President Ali Abdullah Saleh said on Tuesday he would return home “soon” from Saudi Arabia where he is recovering from wounds he sustained in an assassination attempt and attacked his opponents of exploiting protesters demanding his departure.
In a speech broadcast live to a gathering of tribesmen loyal to him, President Saleh said, “See you soon in the capital Sanaa.”
He lambasted the parliamentary opposition as figures of “narrow interests and lack of thinking,” and accused them of “stealing” the slogans of young protesters who have been calling for his ouster since January. “There is a political party in the opposition whose slogan claims it is the party of Islam. What Islam? They have distorted Islam,” he said in reference to leading opposition party, the Islamist Islah party. President Saleh, who appeared in good shape, was addressing thousands of loyalist tribesmen at a meeting to “help resolve the crisis” in Yemen, according to state news agency Saba.
He was flown to Saudi Arabia in early June for treatment after being wounded in a bomb attack on his Sanaa presidential compound
A member of President Saleh’s ruling General People’s Congress party said this week that senior Islah member Hamid Al Ahmar, who owns Yemen’s Sabafon mobile network, was the “prime suspect” in the assassination attempt. Mr. Ahmar has denied involvement. Sitting at a desk, President Saleh stopped short of accusing Islah of being behind the attempt on his life.

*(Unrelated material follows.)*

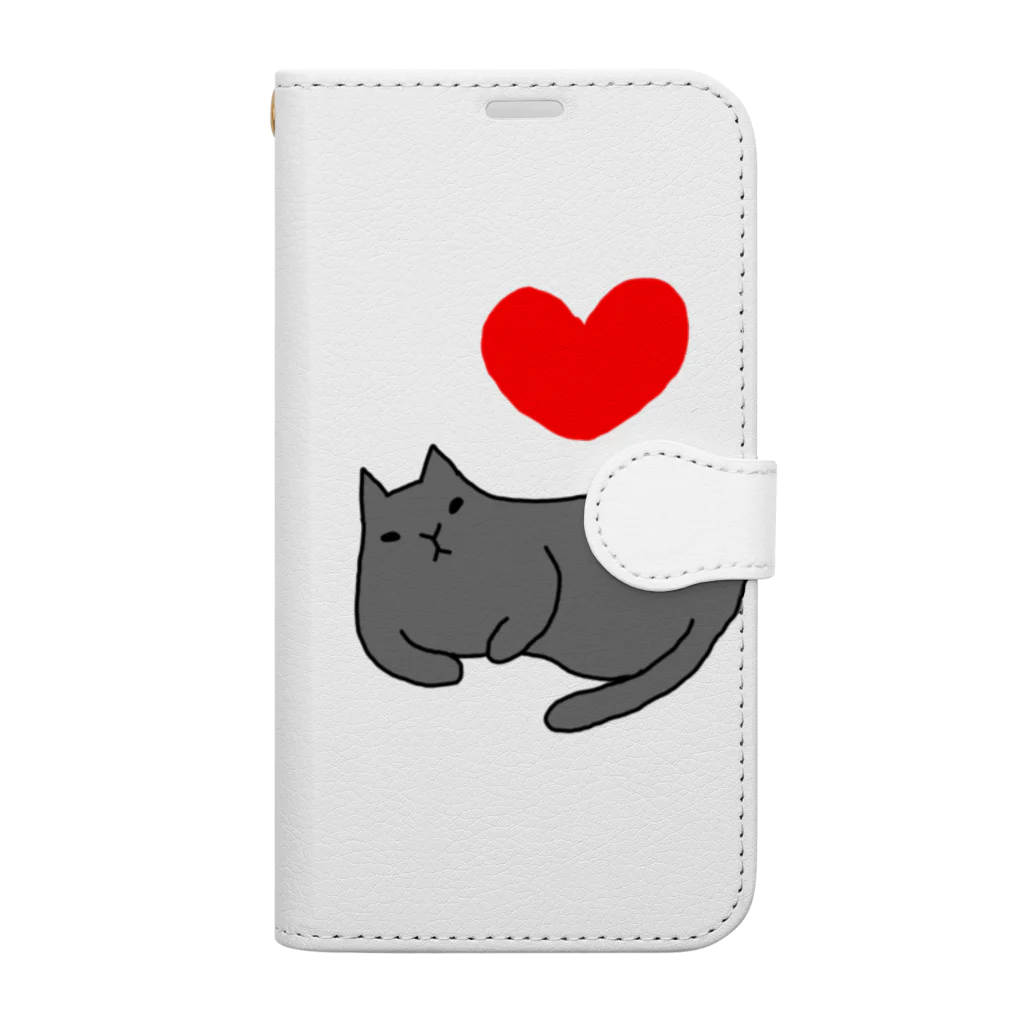 ３２１６のl love クロネコ Book-Style Smartphone Case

In a markedly stronger voice than the last time Yemenis saw him, President Saleh said he was prepared to hand over power “via elections, not via coups.” “We have no objection to a peaceful and smooth transition of power; we have no problem to transfer power to Vice President Abd-Rabbu Mansour Hadi. It would make no difference for us to transfer power, but will you remove gunmen from the streets...will you stop blocking roads and will you become good citizens who respect the law and order like others.?"

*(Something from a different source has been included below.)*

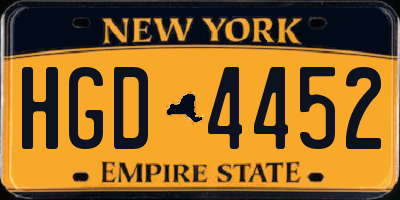 NY license plate HGD4452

His tenacity has frustrated thousands of Yemenis who thought they had seen the last of him when he flew to Riyadh for medical treatment following the bomb blast at his palace mosque in June.
While long-time leaders in Tunisia and Egypt have bowed to popular demands they quit, Mr. Saleh has proved a shrewd political survivor, defying international pressure and thrice backing out of a Gulf-brokered deal to ease him out of office.